The soft road ahead GUEST COLUMN Mukul Pal / New Delhi August 27, 2007
We have talked about coffee, sugar and cotton in the past. The last time we visited the cotton farmer was on February 5, 2007.
News of dying cotton farmers in India was published locally and internationally. Extreme negative news and woes of the farmer suggested a price extremity. This is when we said that the worst time for cotton was getting over. Guess what, the crop moved up 16 per cent (MCX long cotton) from the previous intermediate low.
It might seem strange now, but the worst news never comes at a top telling you “please exit”, it will invariably come at bottoms implicitly highlighting a low risk entry point and vice versa. If 16 per cent does not sound exciting, the fact that cotton has outperformed the Sensex should definitely ring a bell. And we at Orpheus believe that the worst is definitely over for cotton farmers, the crop has turned around after decades of choppy decline.

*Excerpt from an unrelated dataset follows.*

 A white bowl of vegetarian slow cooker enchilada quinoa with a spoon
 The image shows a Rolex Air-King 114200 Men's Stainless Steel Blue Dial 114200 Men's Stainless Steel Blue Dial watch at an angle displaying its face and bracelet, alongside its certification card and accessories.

The other softs are also starting to turn up. We have tracked coffee for you for more than a year now, illustrating the fact that a dip finally before $100 was due, before the soft turns around.
The dip happened in May 2007 and it seems that the coffee breakout time is here. Thirty months of price inactivity as prices stagnated between $120 and $100 (New York spot) has come to an end. The prices should double from the May 2007 low. MCX October 2007 coffee should hold the MAY 2007 lows near Rs 7,000. But where's the news? We are looking for it too.
And what about the third soft, sugar? The soft has been falling internationally from the last seven quarters, but the negative news about sugar barons’ miseries, output glut only mark the sentiment landscape from the last two quarters, while prices internationally have been stagnating near $10.
Negative news could not push prices lower. We continue to see this as a low risk entry point for sugar too along with coffee and cotton, all of which should see better prices ahead.